Kaczynski himself pored over the FBI’s report in an effort to prove de Man wrong. Where the FBI, for example, identified idiosyncratic (that is, British) and errant spellings as Kaczynski’s—analyse versus analyze, and instalment rather than installment—Kaczynski, writing in the margins of his copy of the warrant, countered “uncommon but acceptable.” This comment, though accurate, curiously does nothing to distance Kaczynski from the manifesto. Even less useful would be his (rather Strunkian) corrections of clumsy FBI prose. Where the FBI pegged the manifesto’s topic as “modern technology and its associative evils,” Kaczynski circled associative and wrote next to it “associated.” In the summary section of the report, Kaczynski circled the word analyzation and wrote next to it “analysis?” Throughout his copy of the FBI’s analysis, Kaczynski’s notations identified repetitions, misspellings, misplaced quotations, and factual errors. After Kaczynski got through with it, the analysis looked like a shoddy document, a piece of poorly written if no less persuasive copy.

To persuade, however, was not really Kaczynski’s goal. For Kaczynski, as for Strunk and White, clarity in prose was a sign of character. Kaczynski’s letters sent from prison show that he edited people compulsively and flagrantly. In a 1998 letter responding to a correspondent who sought a recommendation letter to Harvard Divinity School (even Kaczynski was incredulous that he could be of any help), Kaczynski wrote, “By the way, I know it’s rude to correct people, but I do it anyway; so I’ll point out that the singular of‘species’ is ‘species’ (unless you’re talking about money)” (19 Sept. 1998). He assented to the writer’s request for a recommendation, handwriting to Harvard that the applicant displayed “a certain roughness or carelessness in his use of the English language, which leads to a lack of clarity in his written expression,” showing the applicant to be “impetuous and undisciplined” (“Letter to Dean”).

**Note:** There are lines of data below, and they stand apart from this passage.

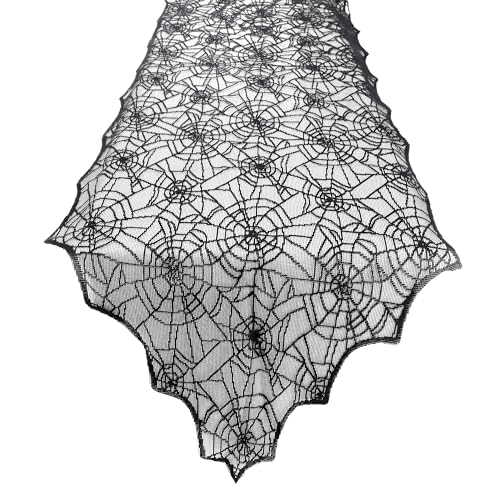 Halloween Table Runner Black Lace Spider Web 14 x 48 Inch - Halloween Decor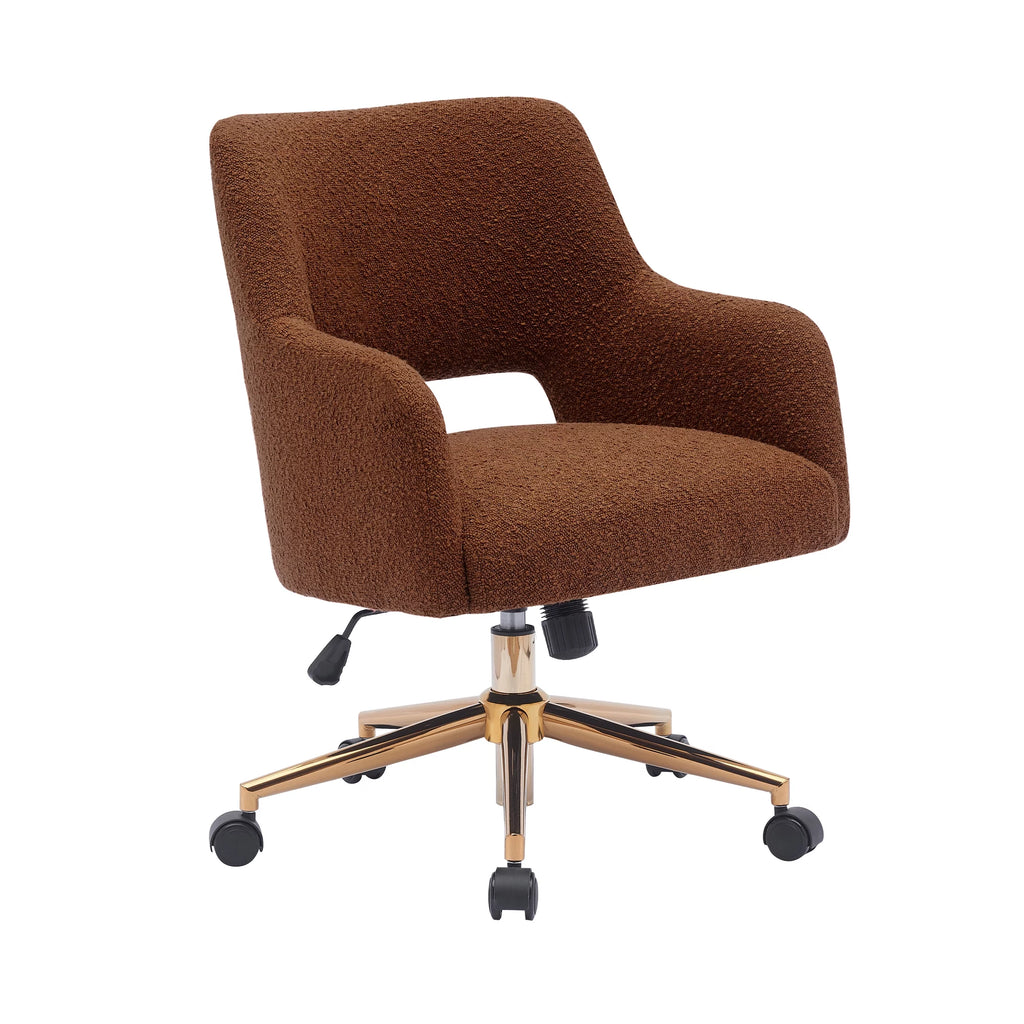 Rust Orange Boucle Fabric Upholstered Rolling Task Chair Q836976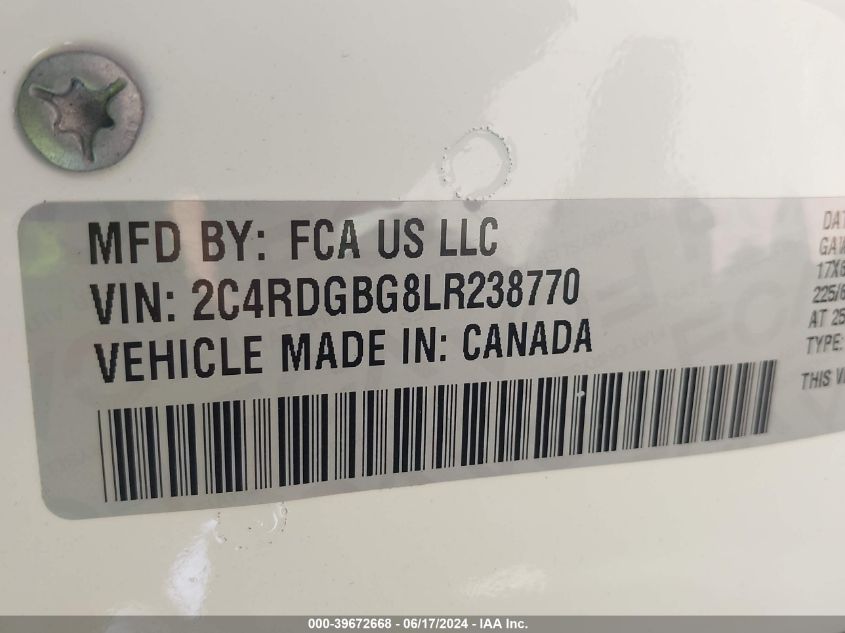 2020 Dodge Grand Caravan Se VIN: 2C4RDGBG8LR238770 Lot: 39672668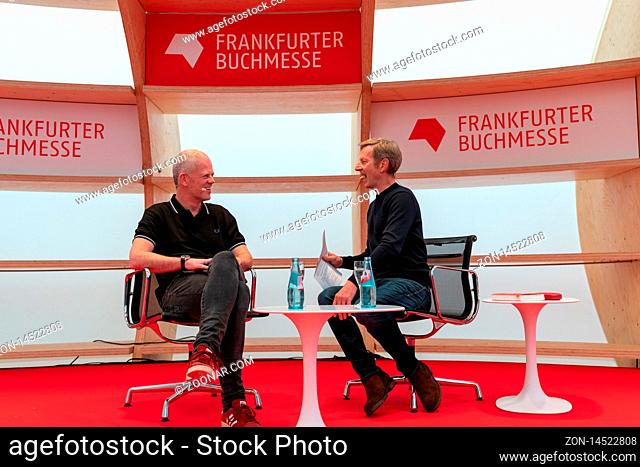 FRANKFURT AM MAIN, Germany - October 20 2019: Michael Kessler and Are Kalvø talking on stage at 71st Frankfurt Book Fair / Buchmesse Frankfurt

Somehow, Kaczynski saw himself as not impetuous, despite having blown up people indiscriminately. Maybe under different circumstances he would have argued that the letters in the letter bombs were well written. Indeed, he came close to implicating himself in such a way. Kaczynski was so devoted to the connection between correctness and character that he couldn’t stop himself from correcting versions of the manifesto circulating, even when providing such corrections begged the legal question of how he could be the source of the text’s verity without also being its author. Several versions of the manifesto exist in the Kaczynski archives: the handwritten draft, carbon copies of the typed version sent to the newspapers, and the FBI’s transcription. None of these, according to Kaczynski, is error free. To explain the source of the corrections to one particular draft, he enclosed a note written in black pen:

Note: The corrections made on this copy of the “Manifesto” are derived from the FBI’s transcription of the “Manifesto” that accompanied the FBI’s application for a search warrant in April, 1996.

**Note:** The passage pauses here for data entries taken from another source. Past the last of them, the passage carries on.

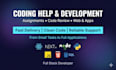 do coding assignments, code review, app and game development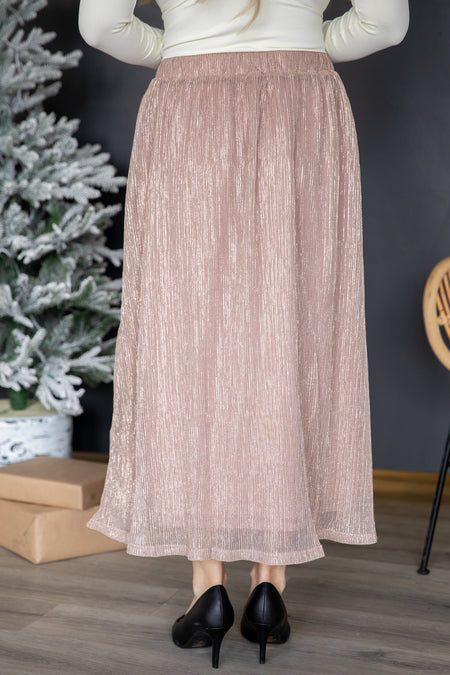 Dusty Rose Lurex Crystal Pleat Midi Skirt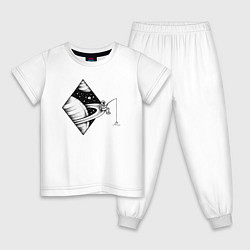 Пижама хлопковая детская Space fisher, цвет: белый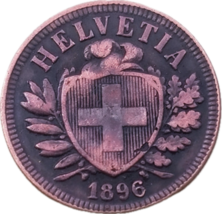 Suiza 1896 &quot;Helvetia&quot; 2 Medalla Rappen - Restricción histórica de Ic - $18.55 CAD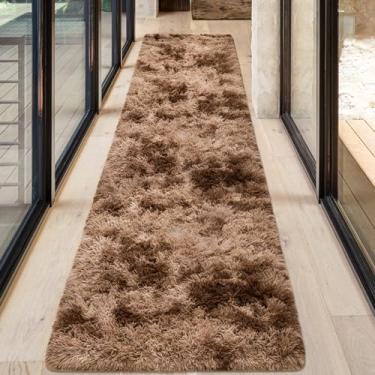 Imagem de TENNOLA Tapete de pelúcia marrom de 0,6 x 2,4 m, tapete de cabeceira felpudo felpudo para quarto, sala de estar, corredor, berçário, crianças, decoração de casa, tapete peludo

Below this note Kaczynski penned another in blue ink, an oblique suggestion of his authorship of the manifesto:

The above note is false. I stated that the corrections were based on the FBI’s transcription of the Manifesto in order to give a plausible source for the information that enabled me to correct the Manifesto, and because in November of 2001 thought that for legal reasons it would be imprudent to reveal the real source of the information on which I based the corrections of the Manifesto. (9 Oct. 2003)

Style may identify, but hyper-correctness absolutely incriminates.

In the (admittedly small) segment of popular lore that does not dismiss him as a madman, Kaczynski is romanticized as an idealist who held fast to his beliefs, resolutely seeking to represent himself in court even though self-representation would almost certainly lead to the death penalty. But Kaczynski was not nearly that consistent, nor that resolute. He was not above hiding facts or even distancing himself from his writing if he felt doing so would free him from incrimination, as the note above about hiding the “real” location of the manuscript suggests. Nonetheless, Kaczynski saw himself as a bearer of standards, a gentleman immune to the politically correct permissiveness of liberal modern life. He often apologized to correspondents if he felt his prose unpolished, his handwriting unclear, and occasionally if his tone was irate; ironically, given his stance on political correctness, he once apologized when he thought he might have offended a possibly Jewish correspondent by wishing him a Merry Christmas. But that’s virtually all he apologized for. I read through several linear feet of boxes of his letters expecting to find at least one instance when Kaczynski admitted that he killed people, that he was the Unabomber, that he wrote the manifesto threatening even more violence. He never did.

Death by Comma

Let’s return for a minute to Johnson’s contention that we might see recent school shootings as payback for poor pedagogy. I think that’s a big conceptual leap, one we shouldn’t make. Worth exploring, however, is why we’re suddenly willing to make these leaps. Are we really worried our students are going to kill us? Speaking of the Unabomber directly in Writing at the End of the Worlds Richard Miller asked, “Who, in their darkest hours, hasn’t entertained ideas about the value of obliterating such a world and starting over” (62)? Miller’s rhetorical question gives me the chance to challenge the depiction of our students and one another as barely repressed mass murderers, because I can honestly answer, “Me,” for starters. Perhaps this reveals something about gender, but even in my darkest hours I’m more prone to give the system the benefit of the doubt; it’s individual people I imagine need to go, and by go, I mean to another town. I further suspect that for a good many of our students, no matter how frustrated they might become with the bureaucracy of higher education and the repressive orders of the classroom, if they have such dark hours, those hours are a few amid thousands—not, as in the case of Kaczynski, pretty much every waking one.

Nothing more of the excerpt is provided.